Recording experience can be arranged in the form of a table. See Appendix #3.

The value of the constancy of the salt composition of blood plasma.

The reasons for the destruction of erythrocytes under the pressure of blood water can be explained as follows. Erythrocytes have a semi-permeable membrane; it allows water molecules to pass through, but poorly passes salt ions and other substances. In erythrocytes and blood plasma, the percentage of water is approximately equal, therefore, in a certain unit of time, approximately the same number of water molecules enter the erythrocyte from the plasma as it leaves the erythrocyte into the plasma. When blood is diluted with water, the water molecules outside the red blood cells become larger than inside. As a result, the number of water molecules penetrating into the erythrocyte also increases. It swells, its membrane stretches, the cell loses hemoglobin. It goes into plasma. The destruction of red blood cells in the human body can occur under the influence of various substances, such as viper venom. Once in the plasma, hemoglobin is quickly lost: it easily passes through the walls of blood vessels, is excreted from the body by the kidneys, and is destroyed by the liver tissues.

Violation of the plasma composition, like any other violation of the constancy of the composition of the internal environment, is possible only within relatively small limits. Due to nervous and humoral self-regulation, deviation from the norm causes changes in the body that restore the norm. Significant changes in the constancy of the composition of the internal environment lead to disease, and sometimes even cause death.

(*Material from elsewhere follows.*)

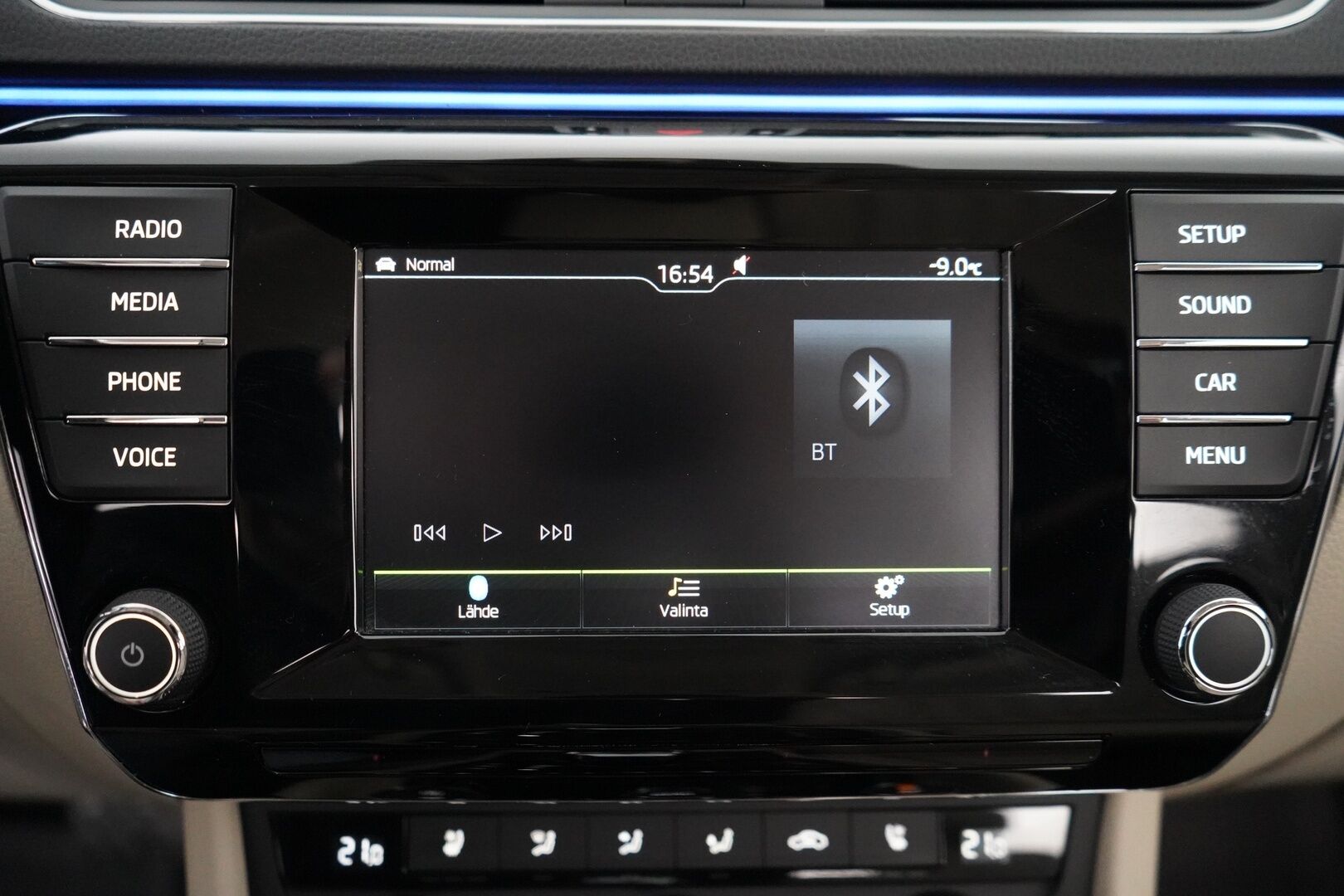 Skoda Superb 2016 2,0 TDI 190 4x4 L&K DSG Autom. *Ilmastoidut penkit muistilla / Webasto / ACC / Koukku / Kamera / Canton* - Kahdet renkaat vanteilla / Juuri katsastettu / L&K / Neliveto - HULLUT AVAJAISHULINAT KORKOTARJOUS 3,29 %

A student in a red robe and a red blood cell crown with balloons in his hands:

Everything that is contained in the blood, everything that it carries through the vessels, is intended for the cells of our body. They take everything they need from it and use it for their own needs. Only the oxygen-containing substance should be intact. After all, if it settles in the tissues, breaks down there and is used for the needs of the body, it will become difficult to transport oxygen.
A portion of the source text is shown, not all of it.